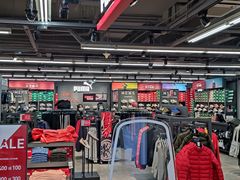 -法雅体育工厂店(皂君庙路店)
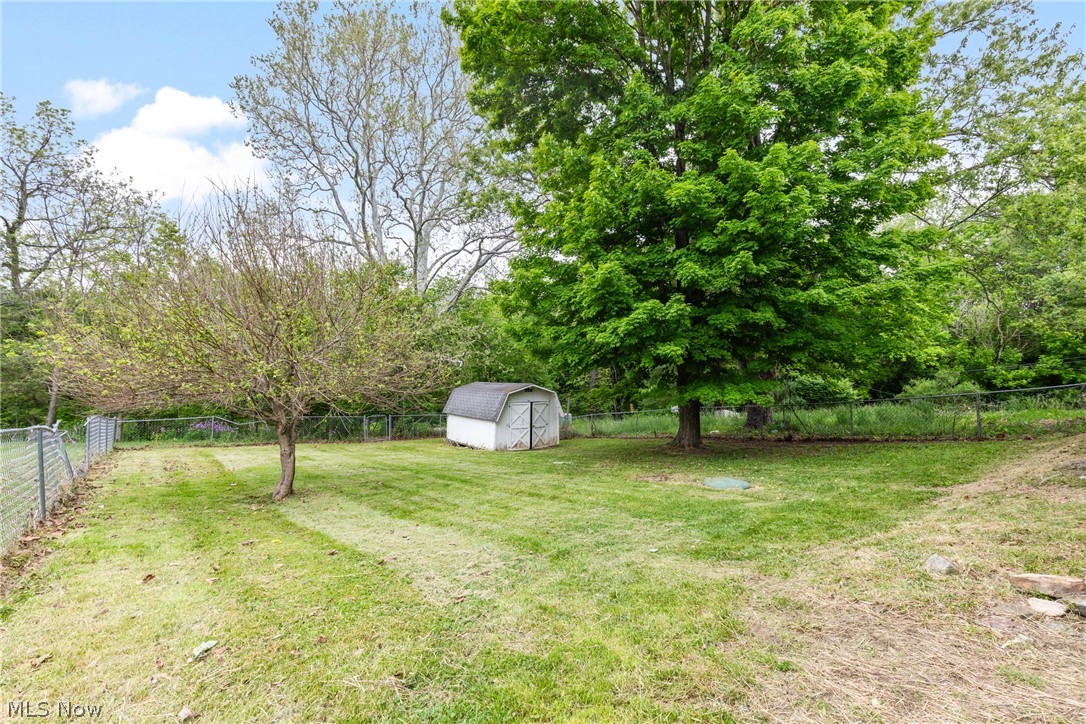 70042 1st Street Flushing OH 43977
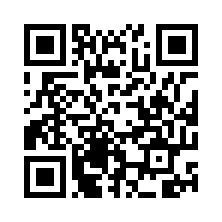 QR Code for bitcoin:1mHnt5WxfGcPiCPJamHVrGa4M8Smz8Qi4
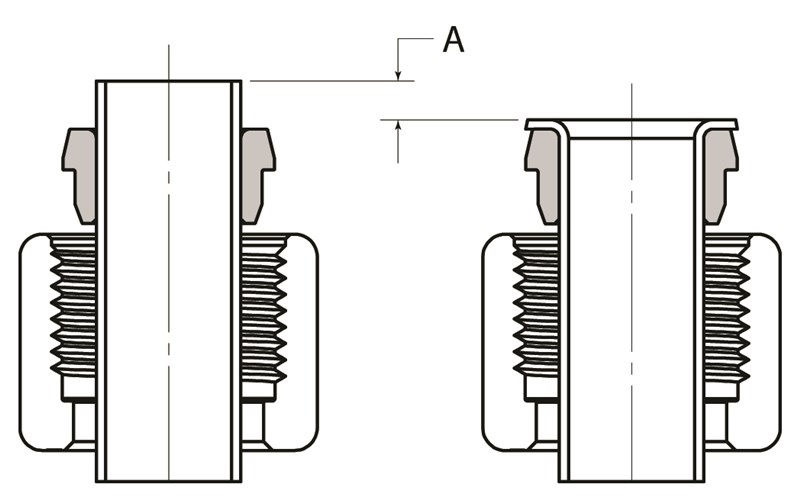 4000_extra_cut_of_length_pf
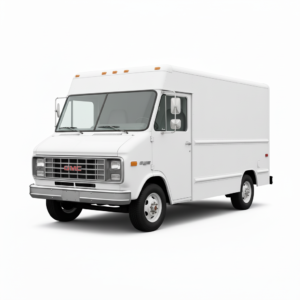 1968-1995 Chevy and GMC P10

──────────────────────────────

In the entries above, find the line containing "QR Code for", then please retype it and every line after it through the last, exactly as written, omitting pictures.

 QR Code for bitcoin:1mHnt5WxfGcPiCPJamHVrGa4M8Smz8Qi4
 4000_extra_cut_of_length_pf
 1968-1995 Chevy and GMC P10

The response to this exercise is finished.